* PROBLEM TO SOLVE *
The reply should consist of the entire listing, word for word.

* DATA SHOWN *
<<<<

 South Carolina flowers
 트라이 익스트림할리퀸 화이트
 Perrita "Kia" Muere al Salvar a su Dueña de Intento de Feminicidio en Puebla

>>>>

* YOUR RESPONSE *
 South Carolina flowers
 트라이 익스트림할리퀸 화이트
 Perrita "Kia" Muere al Salvar a su Dueña de Intento de Feminicidio en Puebla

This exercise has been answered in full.